GIFT Nifty futures were trading at 24,042, as ‌of 7:58 a.m. IST, indicating the Nifty 50 could open near 24,052.05, the closing level on Tuesday.

Brent crude climbed 1.2% to $85.8 a barrel, after US President Donald Trump reimposed a naval blockade on Iranian ports and Tehran retaliated ​with strikes on US infrastructure in the Middle East.

Higher oil prices threaten to widen ​India’s import bill and fiscal deficit, stoke inflation and squeeze corporate margins, given ⁠the country’s heavy dependence on imported energy.

However, softer-than-expected U.S. inflation in May lifted Wall Street and ​Asian equities, cushioning risk sentiment.

Lower U.S. inflation supports emerging markets such as India by keeping near-term ​rate-hike risks at bay, easing dollar pressure and encouraging foreign flows into risk assets.

Both Nifty 50 and Sensex fell 0.7% each on Tuesday, snapping a three-session winning streak, with investors assessing the June-quarter corporate earnings.

“We expect Nifty to ​extend the recent consolidation in the range of 23,800 to 24,350,” said Bajaj Broking Market, adding ​that higher crude prices is weighing on risk appetite.

Foreign institutional investors (FII) were net sellers of Indian stocks on ‌Tuesday, with ⁠outflows at 7.40 billion rupees.
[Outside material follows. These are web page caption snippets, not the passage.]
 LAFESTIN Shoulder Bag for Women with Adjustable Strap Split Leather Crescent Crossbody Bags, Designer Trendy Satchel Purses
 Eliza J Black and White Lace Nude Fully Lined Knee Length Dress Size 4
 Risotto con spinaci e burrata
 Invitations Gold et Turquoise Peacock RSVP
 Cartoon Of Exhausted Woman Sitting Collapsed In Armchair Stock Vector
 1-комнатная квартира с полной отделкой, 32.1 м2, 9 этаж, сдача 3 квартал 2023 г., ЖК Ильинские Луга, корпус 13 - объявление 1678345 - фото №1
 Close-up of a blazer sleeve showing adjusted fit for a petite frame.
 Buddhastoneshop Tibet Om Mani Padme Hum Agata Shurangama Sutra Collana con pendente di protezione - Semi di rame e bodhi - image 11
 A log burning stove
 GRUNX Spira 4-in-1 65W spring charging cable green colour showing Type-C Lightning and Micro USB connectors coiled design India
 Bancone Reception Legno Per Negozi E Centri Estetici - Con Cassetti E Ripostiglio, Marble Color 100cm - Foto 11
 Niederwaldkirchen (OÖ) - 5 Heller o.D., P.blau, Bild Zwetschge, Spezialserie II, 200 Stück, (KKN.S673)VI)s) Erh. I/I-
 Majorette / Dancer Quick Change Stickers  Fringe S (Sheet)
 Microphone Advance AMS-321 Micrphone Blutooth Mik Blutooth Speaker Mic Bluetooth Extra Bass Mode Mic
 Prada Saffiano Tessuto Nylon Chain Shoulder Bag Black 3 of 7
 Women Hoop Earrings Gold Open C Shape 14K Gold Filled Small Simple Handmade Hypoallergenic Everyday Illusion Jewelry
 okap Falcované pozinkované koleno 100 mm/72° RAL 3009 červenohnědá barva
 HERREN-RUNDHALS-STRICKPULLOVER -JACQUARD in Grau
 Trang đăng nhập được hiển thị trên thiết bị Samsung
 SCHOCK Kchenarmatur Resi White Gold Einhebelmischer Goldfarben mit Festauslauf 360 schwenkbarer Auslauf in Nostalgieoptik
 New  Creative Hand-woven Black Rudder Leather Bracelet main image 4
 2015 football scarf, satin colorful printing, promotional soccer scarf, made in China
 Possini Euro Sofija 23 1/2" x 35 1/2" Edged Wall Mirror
Domestic institutional investors (DII) purchased stocks worth 29.28 billion rupees, according to NSE’s provisional data.

Among stocks, L&T Technology Services will be in focus after the engineering research and development firm posted an 11.5% rise in its quarterly consolidated revenue.

Peer Tata Elxsi could rise after the ​company reported an 18.2% ​rise in first-quarter profit, ⁠supported by strong tech spending from global operators, broadcasters and device manufacturers.